*Data extracts*
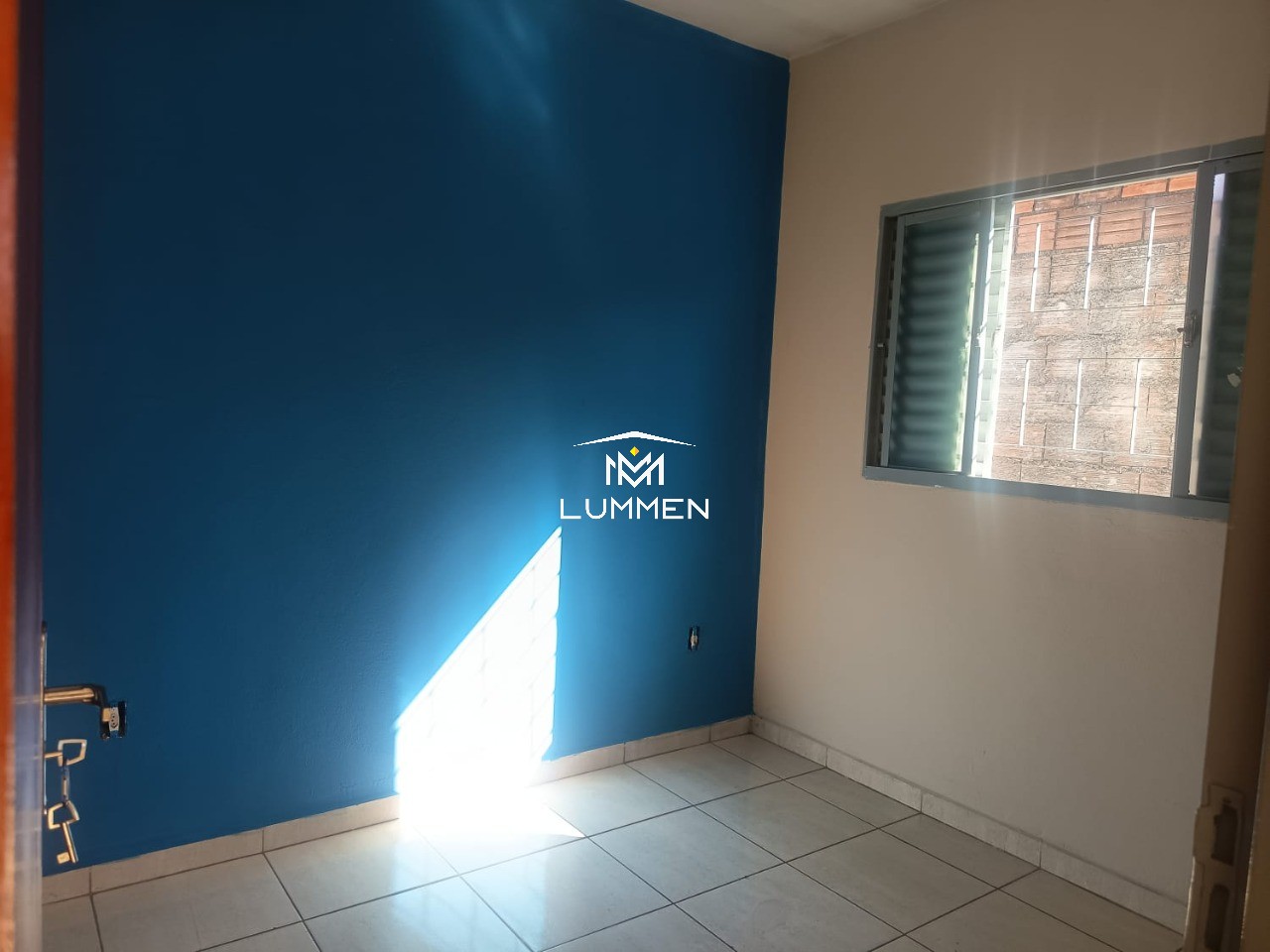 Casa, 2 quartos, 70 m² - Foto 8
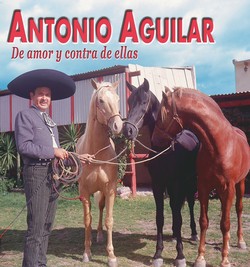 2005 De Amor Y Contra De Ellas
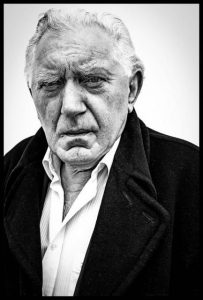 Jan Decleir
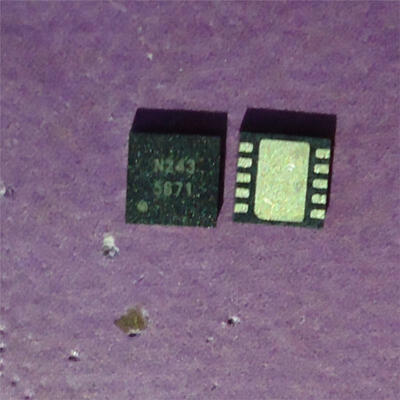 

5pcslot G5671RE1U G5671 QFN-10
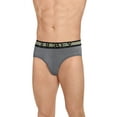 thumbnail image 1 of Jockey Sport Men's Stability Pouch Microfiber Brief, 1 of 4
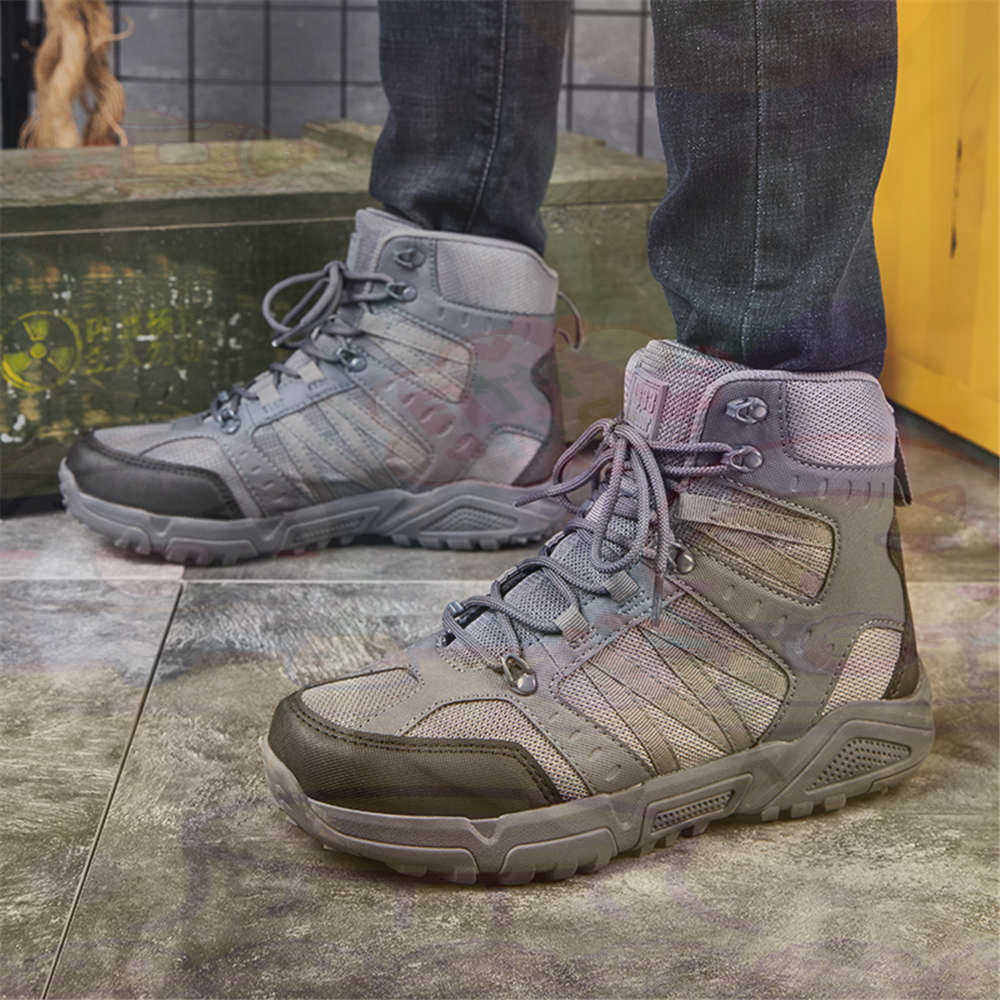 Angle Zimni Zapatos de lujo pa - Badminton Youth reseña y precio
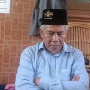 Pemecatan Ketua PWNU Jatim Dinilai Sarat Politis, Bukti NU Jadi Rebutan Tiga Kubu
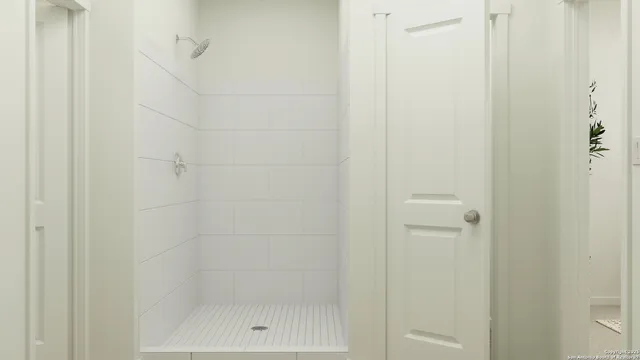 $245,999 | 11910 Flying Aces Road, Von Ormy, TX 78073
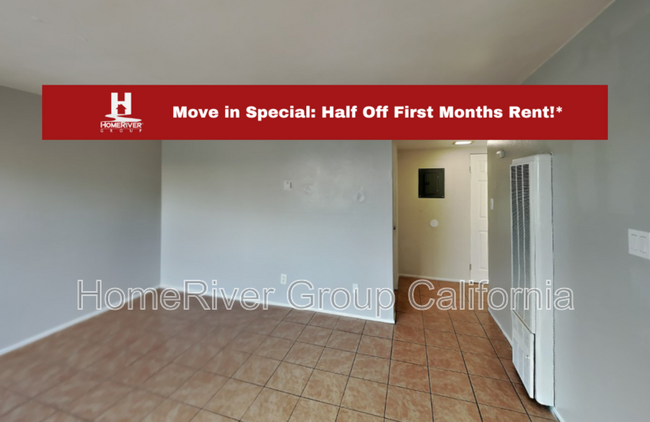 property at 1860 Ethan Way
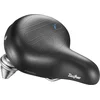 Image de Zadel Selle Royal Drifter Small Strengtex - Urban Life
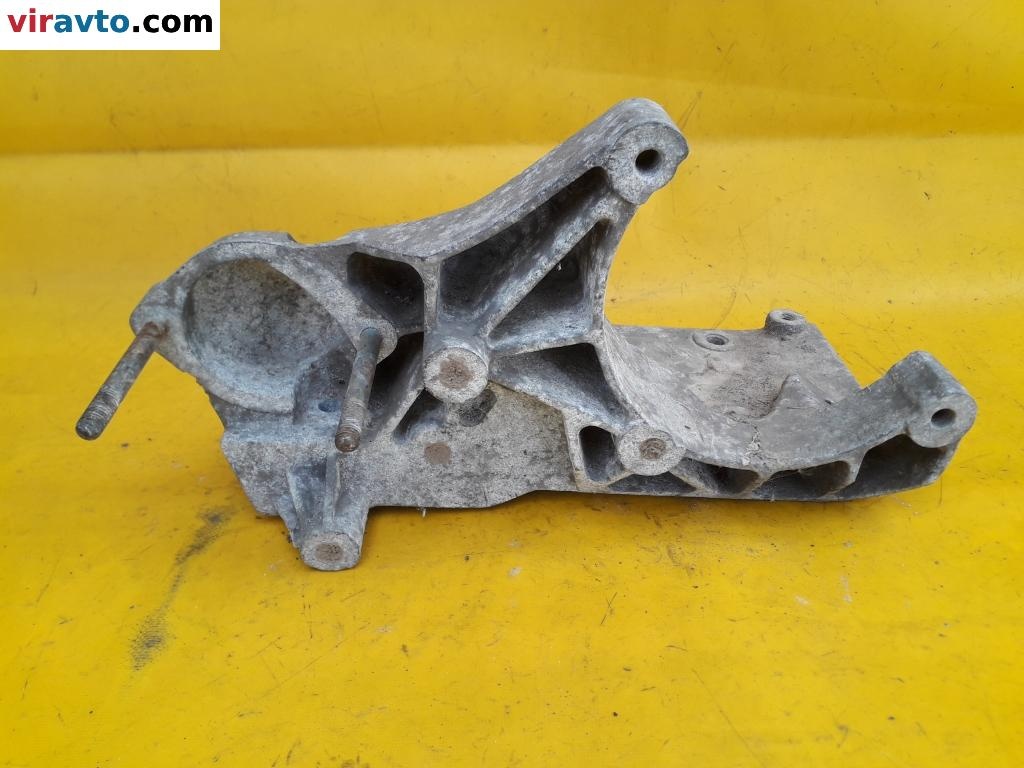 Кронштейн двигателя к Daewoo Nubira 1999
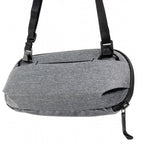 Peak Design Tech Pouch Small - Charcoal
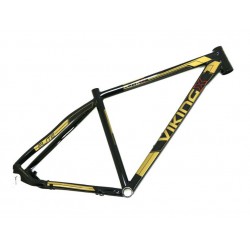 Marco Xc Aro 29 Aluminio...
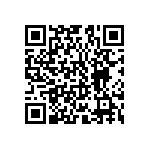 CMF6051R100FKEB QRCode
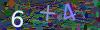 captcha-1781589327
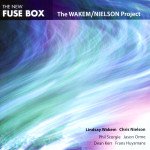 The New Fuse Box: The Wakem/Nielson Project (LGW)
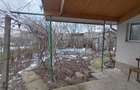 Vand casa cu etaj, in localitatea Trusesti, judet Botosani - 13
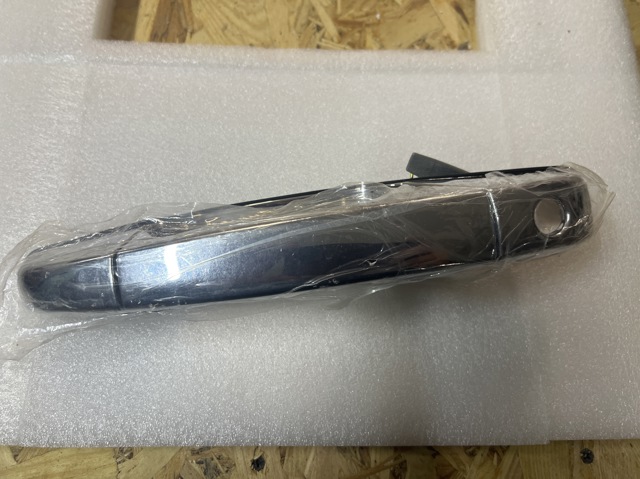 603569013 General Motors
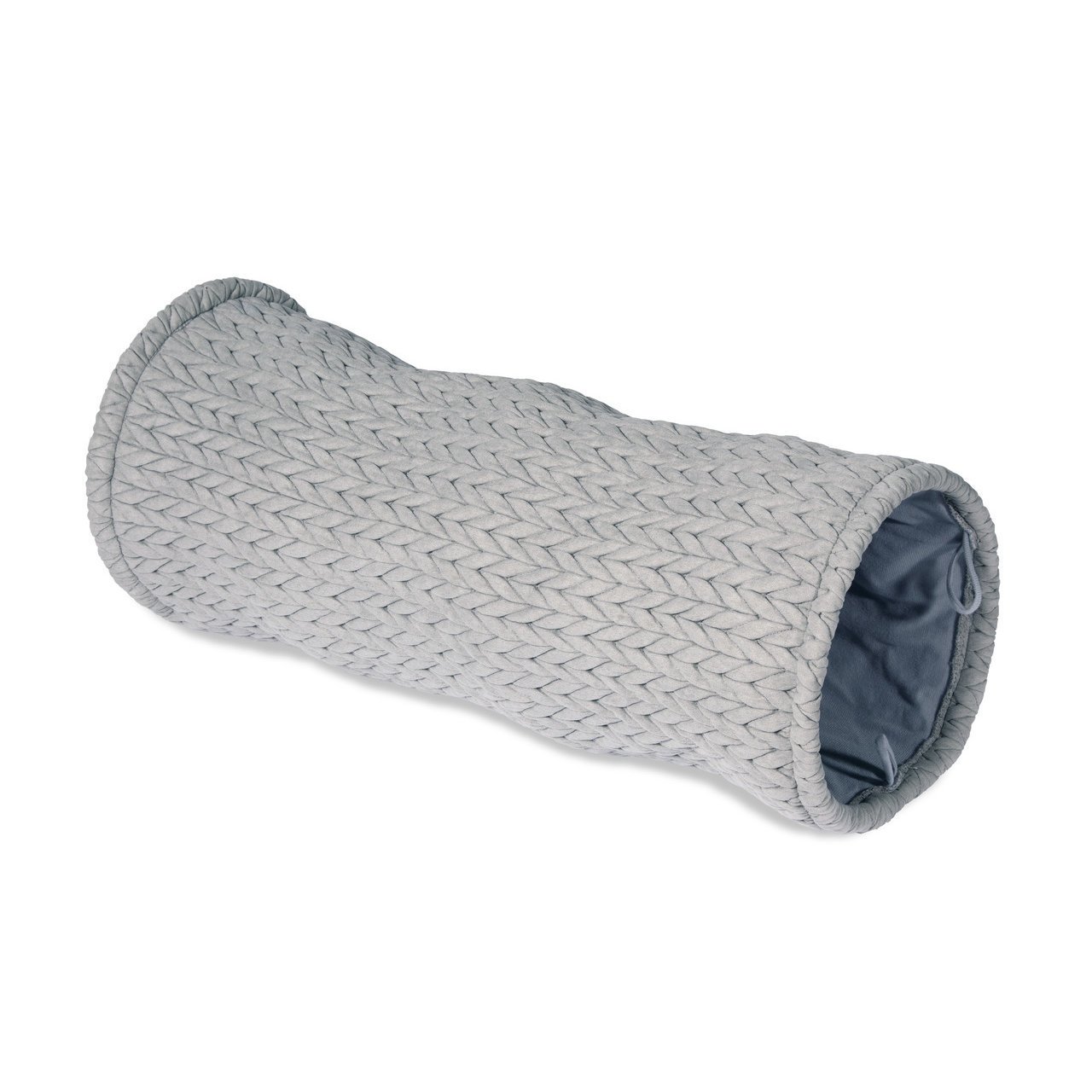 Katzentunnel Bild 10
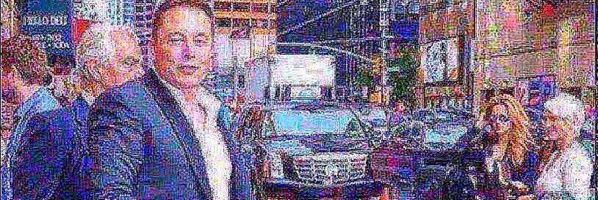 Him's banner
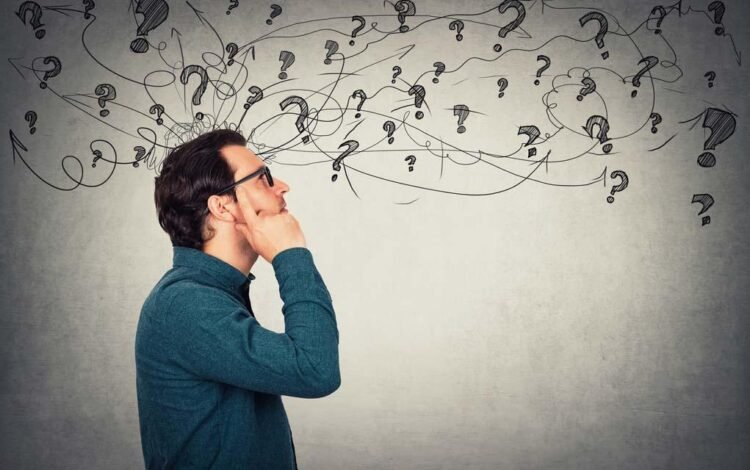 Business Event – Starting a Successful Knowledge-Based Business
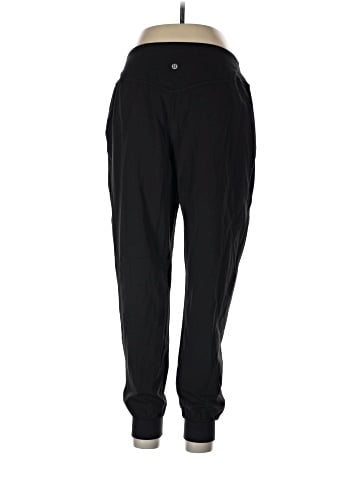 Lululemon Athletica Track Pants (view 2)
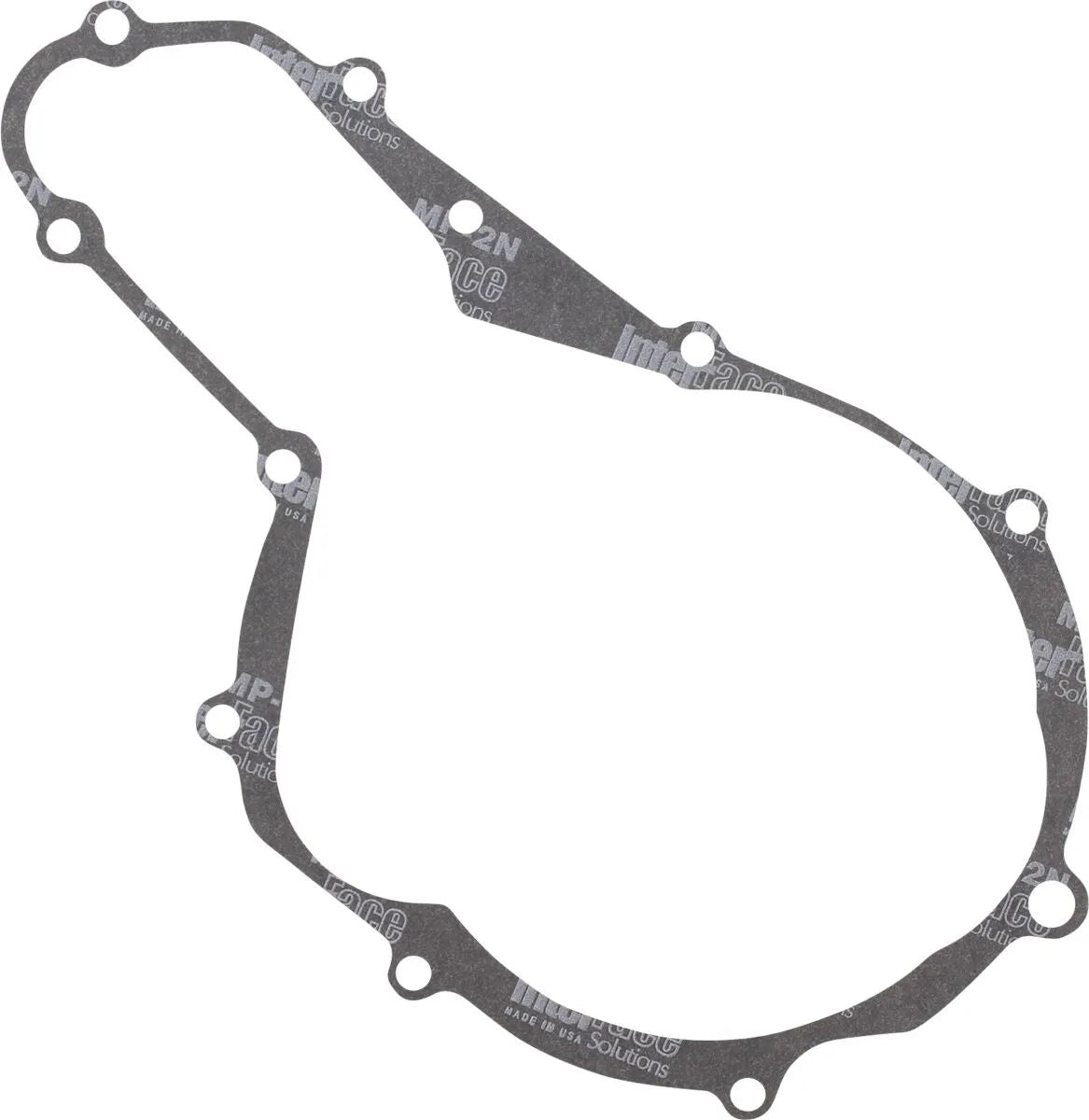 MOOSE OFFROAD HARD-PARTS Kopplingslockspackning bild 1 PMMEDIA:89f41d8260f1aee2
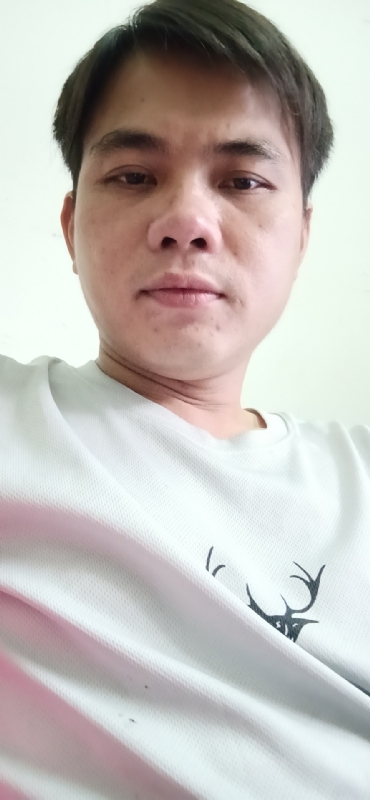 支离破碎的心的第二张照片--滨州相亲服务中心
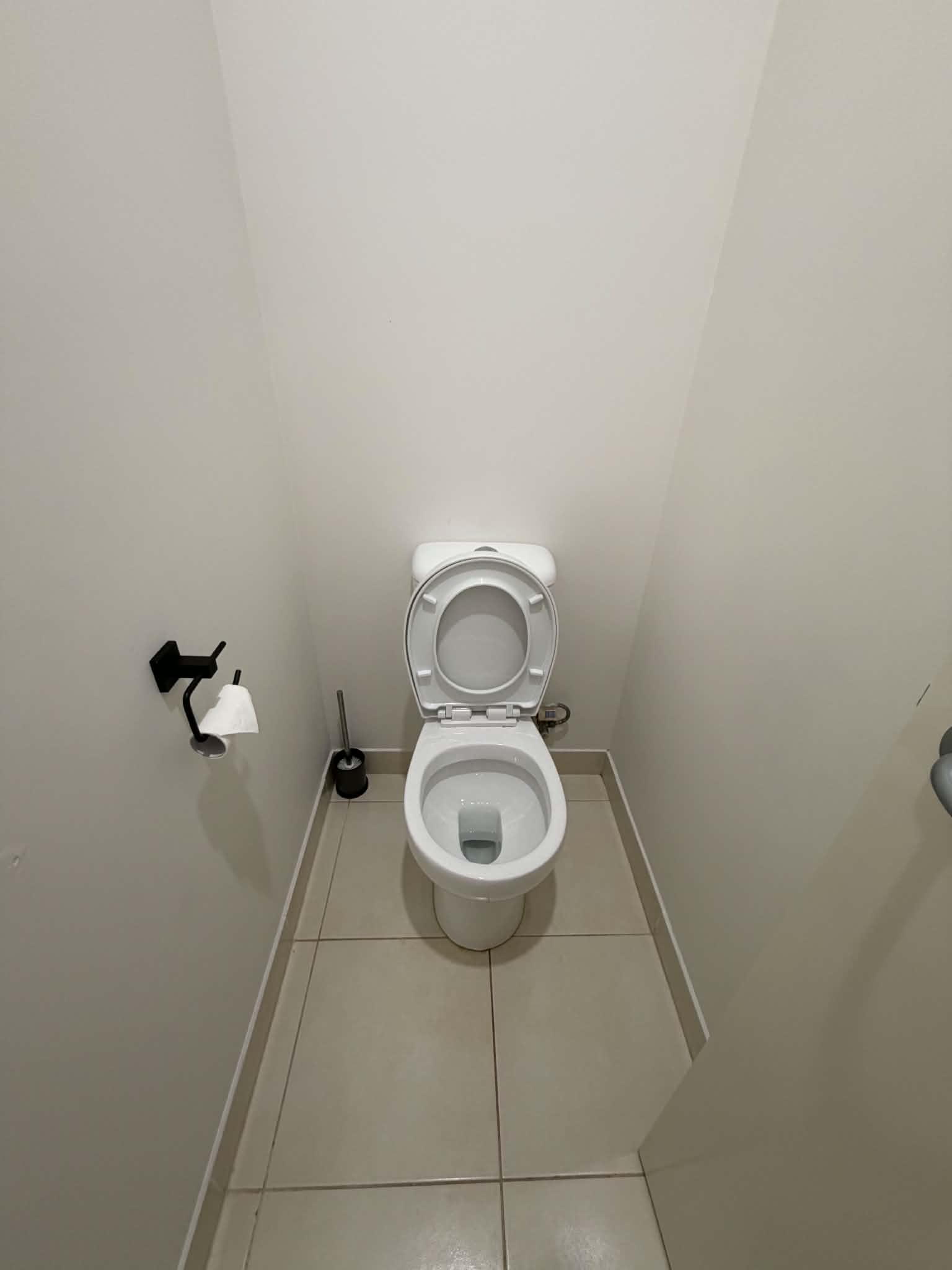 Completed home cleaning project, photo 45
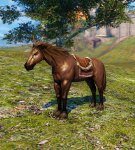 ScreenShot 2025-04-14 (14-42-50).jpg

*The task*
The records above are to be repeated exactly, apart from their pictures.

*Exercise answer*
 Casa, 2 quartos, 70 m² - Foto 8
 2005 De Amor Y Contra De Ellas
 Jan Decleir

5pcslot G5671RE1U G5671 QFN-10
 thumbnail image 1 of Jockey Sport Men's Stability Pouch Microfiber Brief, 1 of 4
 Angle Zimni Zapatos de lujo pa - Badminton Youth reseña y precio
 Pemecatan Ketua PWNU Jatim Dinilai Sarat Politis, Bukti NU Jadi Rebutan Tiga Kubu
 $245,999 | 11910 Flying Aces Road, Von Ormy, TX 78073
 property at 1860 Ethan Way
 Image de Zadel Selle Royal Drifter Small Strengtex - Urban Life
 Кронштейн двигателя к Daewoo Nubira 1999
 Peak Design Tech Pouch Small - Charcoal
 Marco Xc Aro 29 Aluminio...
 CMF6051R100FKEB QRCode
 captcha-1781589327
 The New Fuse Box: The Wakem/Nielson Project (LGW)
 Vand casa cu etaj, in localitatea Trusesti, judet Botosani - 13
 603569013 General Motors
 Katzentunnel Bild 10
 Him's banner
 Business Event – Starting a Successful Knowledge-Based Business
 Lululemon Athletica Track Pants (view 2)
 MOOSE OFFROAD HARD-PARTS Kopplingslockspackning bild 1 PMMEDIA:89f41d8260f1aee2
 支离破碎的心的第二张照片--滨州相亲服务中心
 Completed home cleaning project, photo 45
 ScreenShot 2025-04-14 (14-42-50).jpg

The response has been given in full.